### Problem
Take the line containing "衝突被害軽減ブレーキ　コーナ" through the last line of the data and retype those lines exactly. Pictures do not belong in the copy.

Data extracted from a collection:
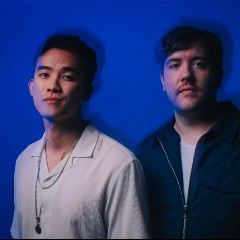 MYRNE & Shallou
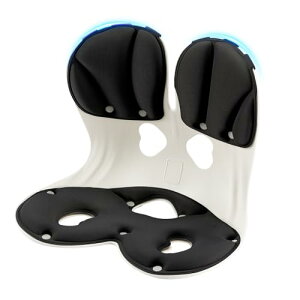 ywÖ@mEzKOJIHOMU p ֎q Ջ pT|[g`FA ֎q ɂȂȂ [  p␳ NbV y ^ъȒP l̍Hw݌v LwP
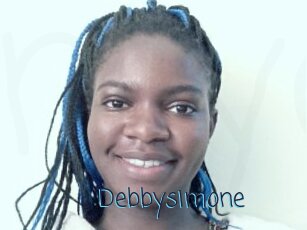 Debbysimone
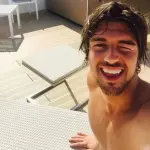 Andrea Damante Instagram: pesante polemica con Iconize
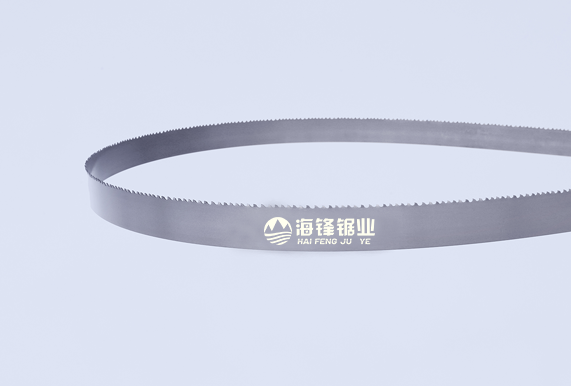 黔江HVCUT钢构件专用型
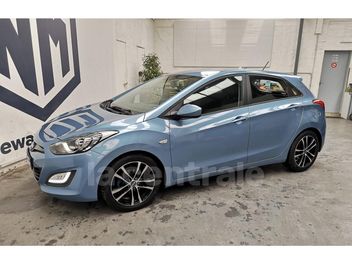 HYUNDAI I30 (2E GENERATION) II 1.4 100 PACK INVENTIVE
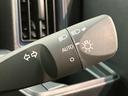 衝突被害軽減ブレーキ　コーナーセンサー　９インチディスプレイオーディオ　フルセグ　Ｂｌｕｅｔｏｏｔｈ　バックカメラ　両側電動スライドドア　電動パーキングブレーキ　ＬＥＤ　スマートキー　エコアイドル（滋賀県）の中古車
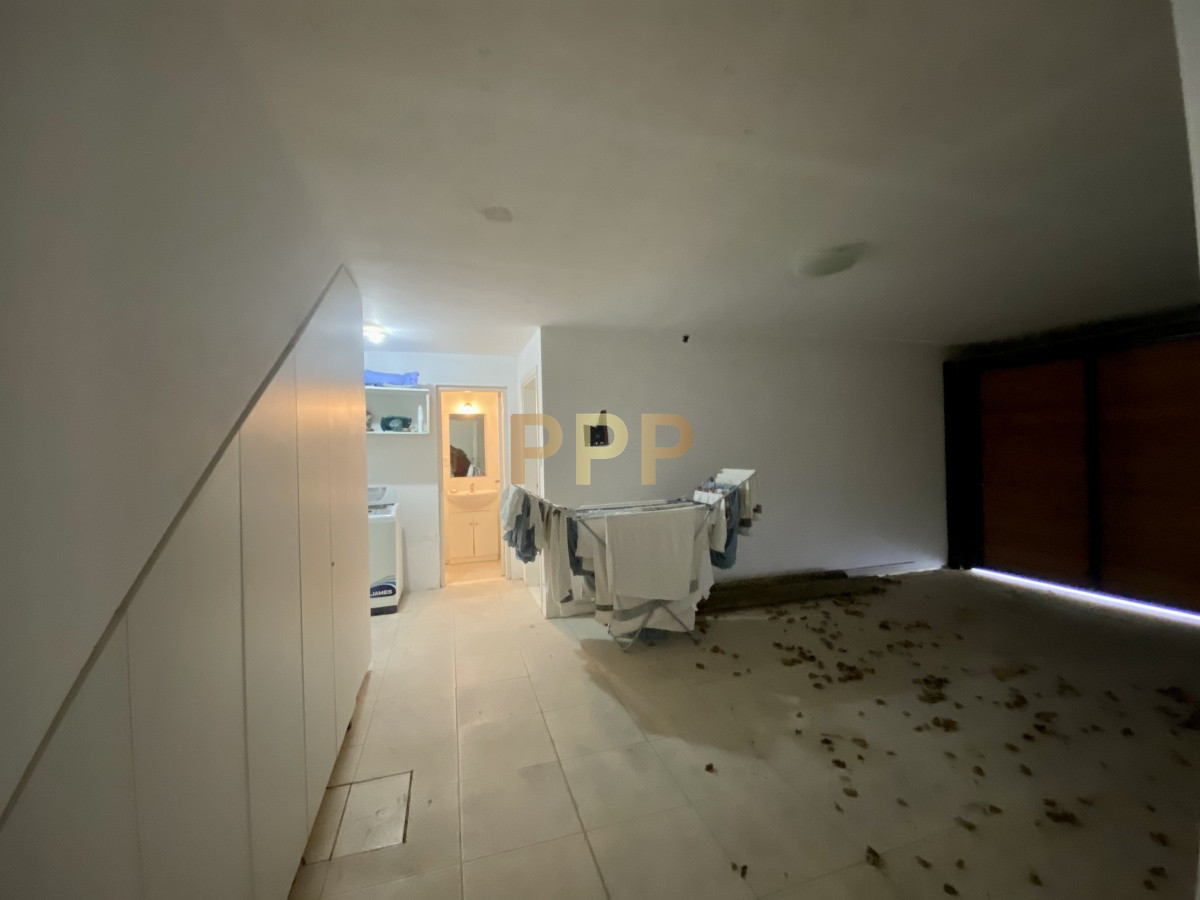 Casa ID.3676 - Casa en alquiler anual en Montoya!!! 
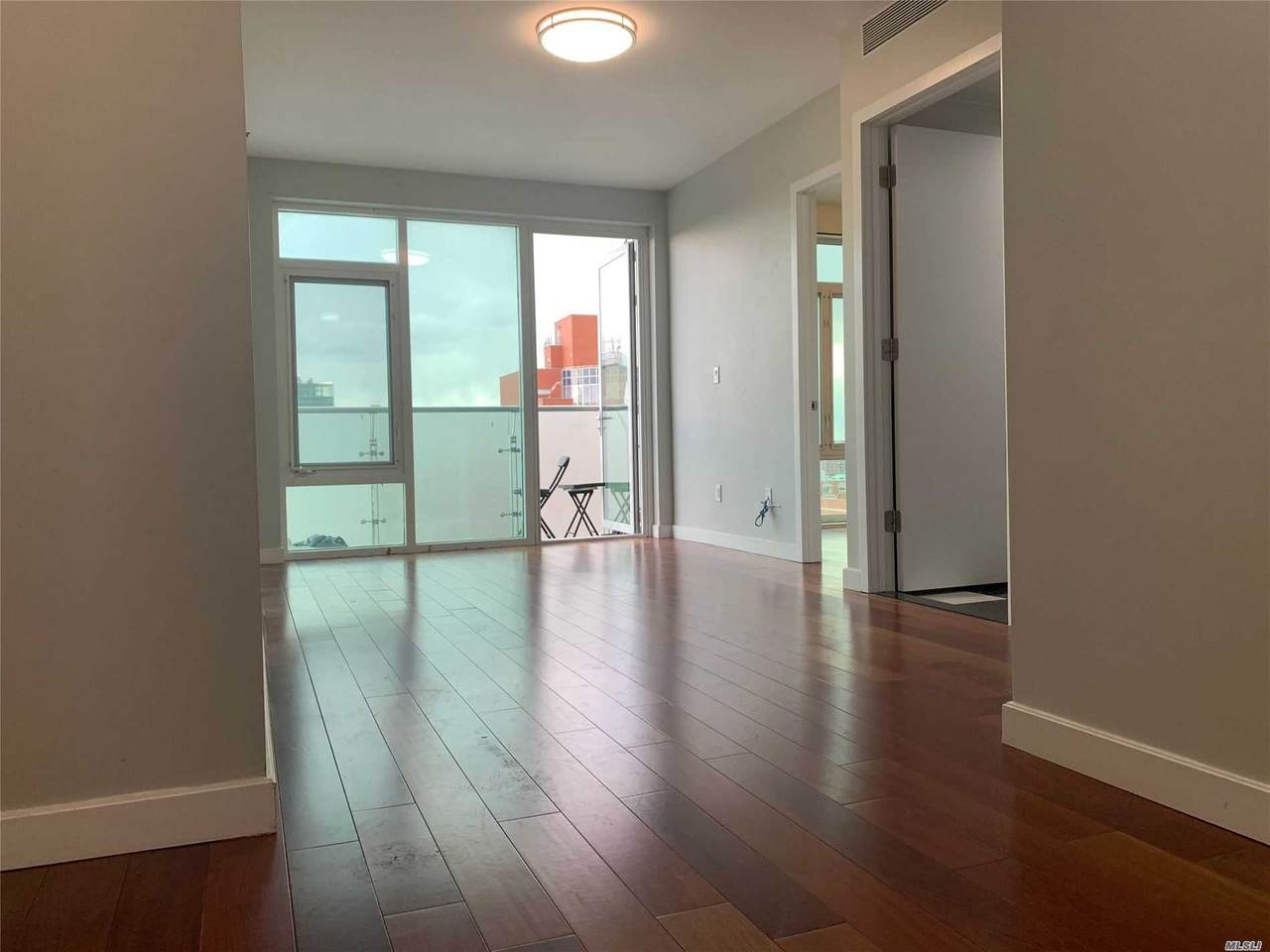 142-38 37th Avenue - Photo 1 142-38 37th Avenue - Photo 1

### Task result
 衝突被害軽減ブレーキ　コーナーセンサー　９インチディスプレイオーディオ　フルセグ　Ｂｌｕｅｔｏｏｔｈ　バックカメラ　両側電動スライドドア　電動パーキングブレーキ　ＬＥＤ　スマートキー　エコアイドル（滋賀県）の中古車
 Casa ID.3676 - Casa en alquiler anual en Montoya!!! 
 142-38 37th Avenue - Photo 1 142-38 37th Avenue - Photo 1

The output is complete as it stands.